WHAT TO WORK ON:
When the line with "Dedicated laundry area" appears below, start repeating lines exactly, and keep going through the line with "Teen girl's top"; add nothing outside that span.

DATA EXTRACTS:
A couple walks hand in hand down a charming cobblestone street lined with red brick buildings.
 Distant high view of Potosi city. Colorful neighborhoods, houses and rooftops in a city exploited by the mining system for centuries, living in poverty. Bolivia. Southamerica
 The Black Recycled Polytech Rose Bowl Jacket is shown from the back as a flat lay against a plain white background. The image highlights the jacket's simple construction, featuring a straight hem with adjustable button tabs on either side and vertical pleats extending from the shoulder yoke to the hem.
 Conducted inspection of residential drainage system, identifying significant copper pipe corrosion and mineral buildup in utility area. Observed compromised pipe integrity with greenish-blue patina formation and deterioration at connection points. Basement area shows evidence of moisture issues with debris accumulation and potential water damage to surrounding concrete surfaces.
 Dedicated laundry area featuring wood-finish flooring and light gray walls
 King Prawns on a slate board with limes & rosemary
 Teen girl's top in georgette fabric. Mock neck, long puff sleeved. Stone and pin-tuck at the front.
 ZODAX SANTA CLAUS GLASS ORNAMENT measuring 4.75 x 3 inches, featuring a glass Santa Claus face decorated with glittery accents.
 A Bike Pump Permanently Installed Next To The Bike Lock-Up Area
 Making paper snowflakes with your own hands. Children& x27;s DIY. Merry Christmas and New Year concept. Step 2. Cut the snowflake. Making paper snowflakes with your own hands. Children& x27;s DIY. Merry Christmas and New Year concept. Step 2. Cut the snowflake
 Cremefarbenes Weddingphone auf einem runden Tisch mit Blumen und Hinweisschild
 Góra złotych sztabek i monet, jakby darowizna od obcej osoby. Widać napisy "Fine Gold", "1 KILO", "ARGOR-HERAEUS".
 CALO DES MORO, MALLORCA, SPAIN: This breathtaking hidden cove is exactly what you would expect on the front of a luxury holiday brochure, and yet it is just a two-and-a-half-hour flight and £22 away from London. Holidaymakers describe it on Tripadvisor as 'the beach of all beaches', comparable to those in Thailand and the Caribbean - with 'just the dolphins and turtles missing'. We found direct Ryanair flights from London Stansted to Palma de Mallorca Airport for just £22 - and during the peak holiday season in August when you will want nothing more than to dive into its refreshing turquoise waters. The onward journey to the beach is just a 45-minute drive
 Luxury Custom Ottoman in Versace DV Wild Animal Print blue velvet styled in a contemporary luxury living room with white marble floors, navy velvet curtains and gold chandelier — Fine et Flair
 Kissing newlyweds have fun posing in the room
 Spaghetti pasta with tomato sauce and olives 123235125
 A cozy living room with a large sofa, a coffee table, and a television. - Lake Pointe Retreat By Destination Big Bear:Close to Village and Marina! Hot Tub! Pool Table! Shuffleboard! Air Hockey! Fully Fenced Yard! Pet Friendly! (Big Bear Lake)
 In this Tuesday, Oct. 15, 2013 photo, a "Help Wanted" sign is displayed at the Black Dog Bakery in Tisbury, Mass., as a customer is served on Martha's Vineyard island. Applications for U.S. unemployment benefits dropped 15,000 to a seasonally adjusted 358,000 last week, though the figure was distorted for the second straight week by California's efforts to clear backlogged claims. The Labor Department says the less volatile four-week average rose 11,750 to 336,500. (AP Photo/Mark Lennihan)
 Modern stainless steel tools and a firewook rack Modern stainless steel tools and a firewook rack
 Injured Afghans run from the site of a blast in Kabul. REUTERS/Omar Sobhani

SOLUTION TO THIS EXERCISE:
 Dedicated laundry area featuring wood-finish flooring and light gray walls
 King Prawns on a slate board with limes & rosemary
 Teen girl's top in georgette fabric. Mock neck, long puff sleeved. Stone and pin-tuck at the front.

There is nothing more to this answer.